If you've ever called 911 to report an emergency, thank the Johnson Crime Commission. Establishing a national emergency number was just one of more than 200 recommendations the Commission offered up in a landmark 1967 report "for a safer and more just society."
Two years earlier, President Lyndon Johnson had appointed lawyers, educators, law enforcement officers, social workers and others – 19 members in all — to the group officially called the President's Commission on Law Enforcement and Administration of Justice. The 1960s was a turbulent decade, and crime had been a major concern. Johnson told the group he was spearheading a new "war on crime," and he wanted them to be revolutionary in their recommendations. Over 18 months, the Crime Commission, including 63 staffers and hundreds of consultants and advisers, collected data and studied everything from juvenile delinquency to organized crime.
The final report, "The Challenge of Crime in a Free Society," called for sweeping changes in policing, the courts and corrections. President Johnson said it was "the most comprehensive and detailed program for meeting the challenge of crime ever proposed in this country."

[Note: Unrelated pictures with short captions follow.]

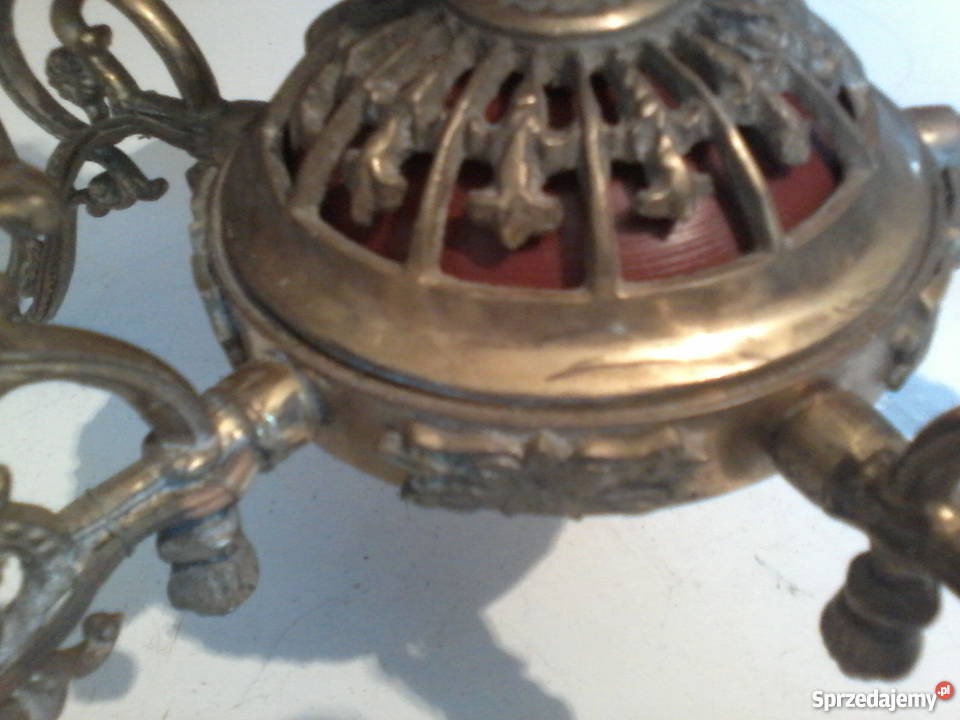 stare żyrandole mosiężne Dulcza Wielka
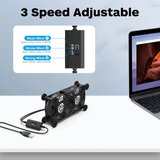 ELUTENG 2x 80 mm USB ventilator s 3 hitrostmi | Shoptok.si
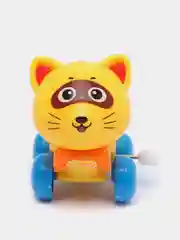 Желтый заводная игрушка для детей  "Котик"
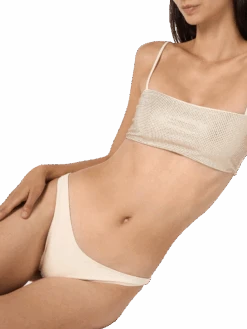 MC2 Saint Barth Woman Beige Bandeau Bikini Athena Naomi With Rhinestones 11 MC2 Saint Barth Woman Beige Bandeau Bikini Athena Naomi With Rhinestones -MC2 Saint Barth Shop UID NAO000104295F WOMAN BOTTOM WHITE 5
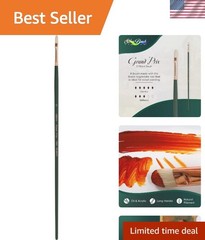 Exceptional Long Handle Filbert Brush by Silver Brush – Grand Prix Series Size 0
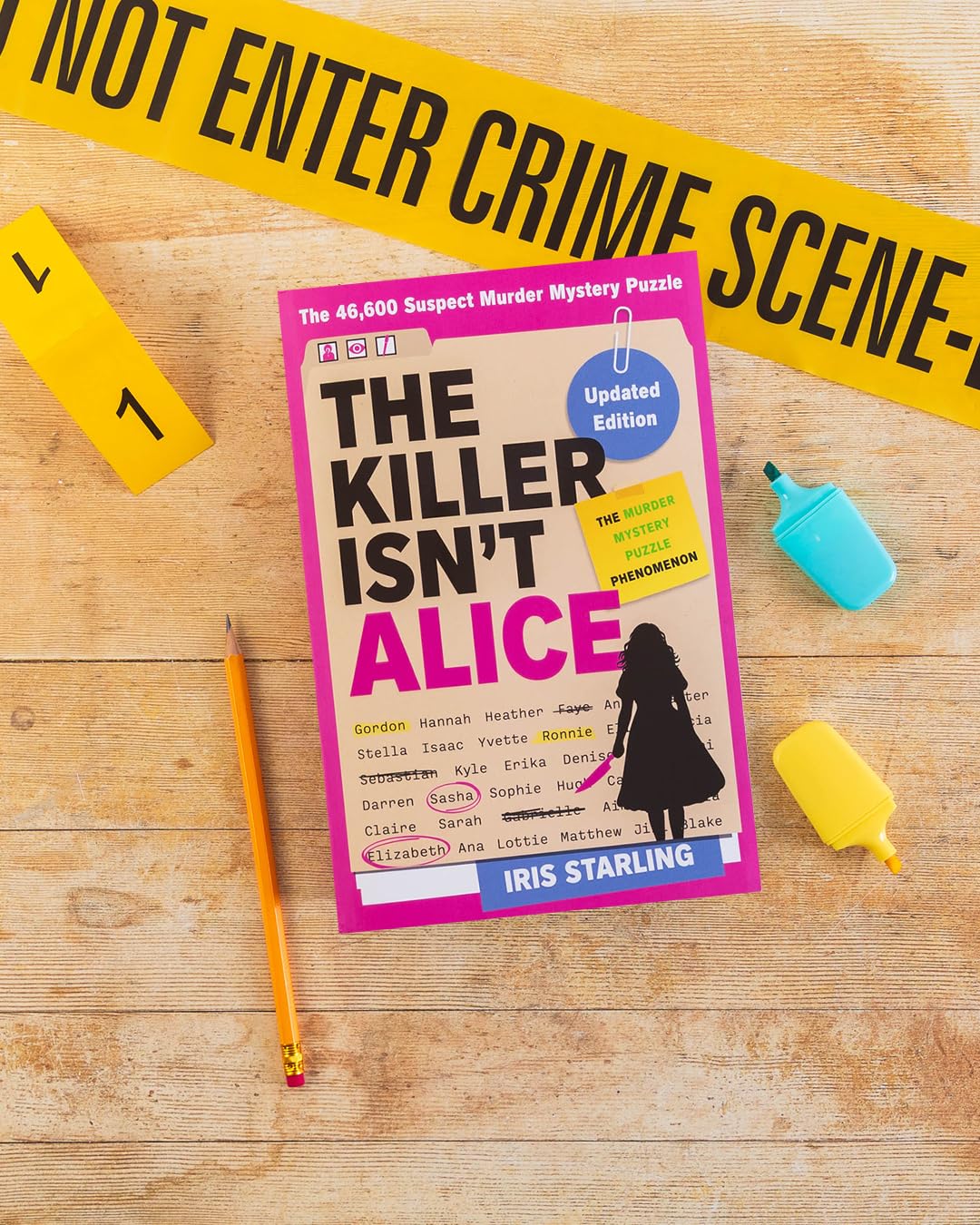 The Killer Isn't Alice: The Bestselling Interactive Murder Mystery Puzzle Book - 46,600 Suspects, 1 Killer. Can You Solve the Crime?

Carnegie Mellon Professor Alfred Blumstein, widely recognized now for his research on criminal justice and violence, was one of the original staff members of the Johnson Crime Commission. At the time, he didn't think of the report as a revolution, "but one thing that did come out of it was a movement toward thinking of the criminal justice system as a system," Blumstein says. As the Crime Commission's director of technology, Blumstein and his group developed a flowchart, often used in criminology text books, that provided a visual take on how the courts, police and corrections interact.
Sheldon Krantz was also on the commission staff. Now a visiting professor of Law at Georgetown University, he was assigned to work on the Commission's Police Task Force during a time when brutal police clashes with residents sometimes played out in full view during race riots across the country.
"I think it's fair to say in the '60s, police in America were in a somewhat primitive state, there was limited training, a lack of education, a lack of diversity," Krantz says.
The Commission concluded that to achieve more effective and fairer law enforcement, especially with the poor, minority groups and juveniles, there had to be a radical revision of police personnel practices. It also defined that the federal government's role in policing should be in providing grants to local and state law enforcement and developing community oriented policing that focused on police and residents working together to fight crime. Chicago Police Superintendent Eddie Johnson says that push for ongoing training for police departments is one of the legacies of the crime report.
"We can always get better and be better," Johnson says.
The Johnson Commission concluded that seven objectives, including setting aside more money for basic research and devising different ways to deal with offenders, could help significantly reduce crime. Although many of the recommendations were wishful thinking, they did inspire changes beyond the 911 system. Here are just a few examples:
1. The Commission said there was no reliable research about crime, so it collected data on an unprecedented scale.
Legacy: The creation of the first national Crime Victimization Survey. Today, the Bureau of Justice Statistics samples households every year to collect information about crimes that are both reported and not reported to police.
2. The Commission called for improved training and professionalization for law enforcement
Legacy: Many police departments, especially in large cities, have training departments.
3. The Commission recognized and said there must be ways to lessen the tension between police and communities
Legacy: The development of the Community Oriented Policing Services (COPS) program
4. The Commission recommended that Congress create a new office in the Justice Department devoted to assisting state and local law enforcement departments
Legacy: The creation of the Law Enforcement Assistance Administration, the federal agency provides federal funds to state and local law enforcement for local crime initiatives and education
Although, the Johnson Report focused on actions government could take, the Commission stated that controlling crime was the business of every American and American institution. It called for taking steps beyond cooperating with police or accepting jury duty and declared that citizens must respect the law, refuse to cut corners and reject the cynical argument that "anything goes as long as you don't get caught."
Laurie Robinson, a co-chairperson of President Obama's White House Task Force on 21st century policing, says the Johnson Crime commission report was a guidepost for her group in a number of areas.
"We looked at the Johnson's Commission work on technology and of course we zeroed in on areas like body-worn cameras."
Now a criminologist at George Mason University, Robinson says the hallmark of the Johnson Crime Commission is that it spelled out new expectations for police, the courts, corrections and other players in the criminal justice system. She says that hadn't been done before on such a scale.
"The Johnson Crime Commission is really the most influential study of crime justice that has ever been undertaken in the United States," Robinson says.
Robinson and other legal scholars, including Stanley Krantz and Alfred Blumstein, will gather in a symposium in October to discuss the 50th anniversary of the "Challenge of Crime" report. There's also a bipartisan push in Congress to establish a new National Commission to, once again, review the country's criminal justice system from top to bottom.